Fauci's public clashes with Republican lawmakers have played out against this backdrop. During a Senate hearing in March, Sen. Rand Paul, R-Ky., took Fauci to task over the CDC's recommendations that people continue to wear masks after being vaccinated so as to protect against exposure to COVID-19 variants.

"You're basing policy based on conjecture," Paul said.

"It isn't based on conjecture," Fauci responded.

"You want people to wear a mask for another couple of years," Paul continued. "You've been vaccinated and you parade around in two masks for show. You can't get it again, there's almost no, there's virtually zero percent chance you're going to get it, and you're telling people who have the vaccine, who have immunity, you're defying everything we know about immunity by telling people to wear a mask who've been vaccinated."

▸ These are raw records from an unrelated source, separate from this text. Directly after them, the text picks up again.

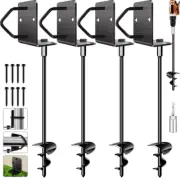 Ground Anchors Screw in 14" Set of 4 Trampoline Stakes Heavy Duty Mobile Home An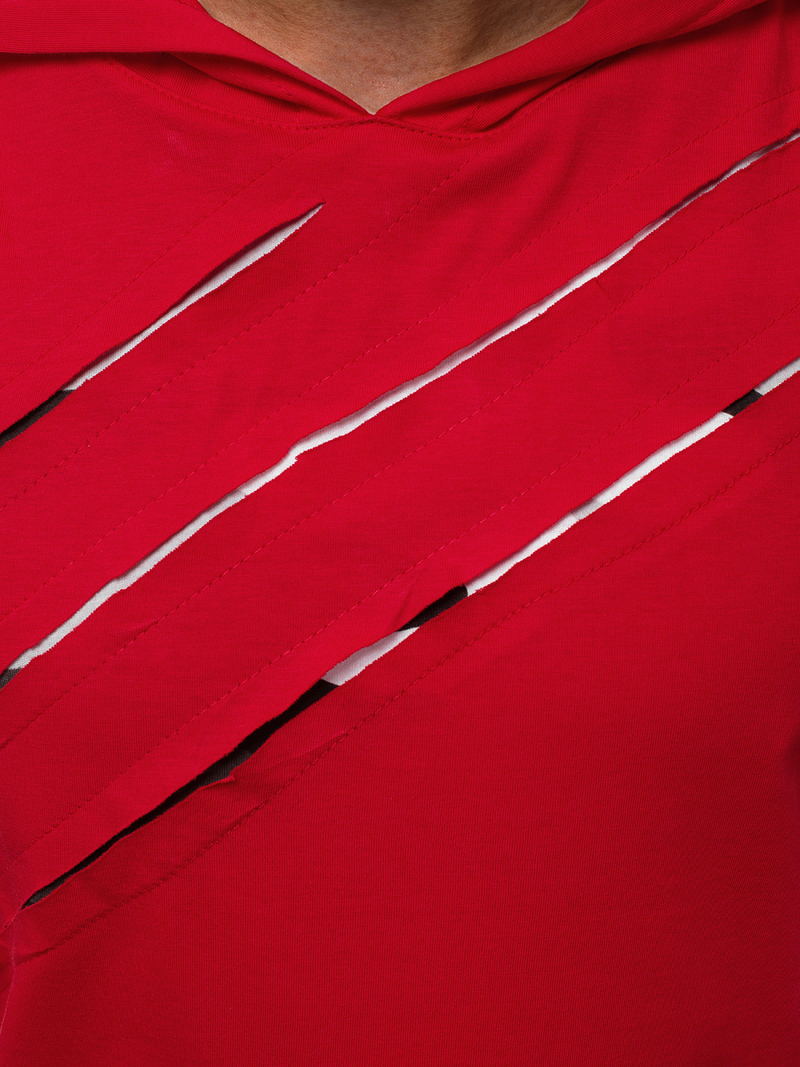 T-Shirt z kapturem męski czerwony OZONEE O/1254Z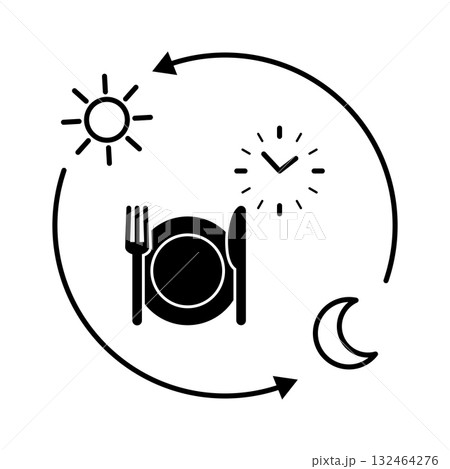 Circadian rhythm eating schedule concept. Minimalist black line icon showing meal timing with sun moon and clock symbols. Intermittent fasting and biological daily cycle health lifestyle illustration 132464276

Fauci, whom Paul repeatedly interrupted, stood by his assessment that wearing a mask even after being vaccinated would help ensure against reinfection from a variant of COVID-19. "Let me just say for the record that masks are not theater. Masks are protective," Fauci responded.

Last month, Rep. Jim Jordan, R-Ohio, took aim at Fauci for essentially depriving Americans of liberty.

"We had 15 days to slow the spread turn into a year of lost liberty," Jordan said while questioning Fauci during a House Coronavirus Crisis Subcommittee hearing. "What metrics — what measures — what has to happen before Americans get more freedoms?"

"You're indicating liberty and freedom," Fauci responded. "I look at it as a public health measure to prevent people from dying and going to the hospital."

"Your right to go to church, your right to assemble, your right to petition your government, freedom of the press, freedom of speech, [has] all been assaulted," Jordan continued.

"I think you're making this a personal thing, and it isn't," Fauci replied.

As he told Cavuto in April, Fauci has become somewhat resigned to the role of a fall guy of critics of government coronavirus policies.

"You know, Neil, I've been a symbol to them of what they don't like about anything that has to do with things that are contrary to them," he said.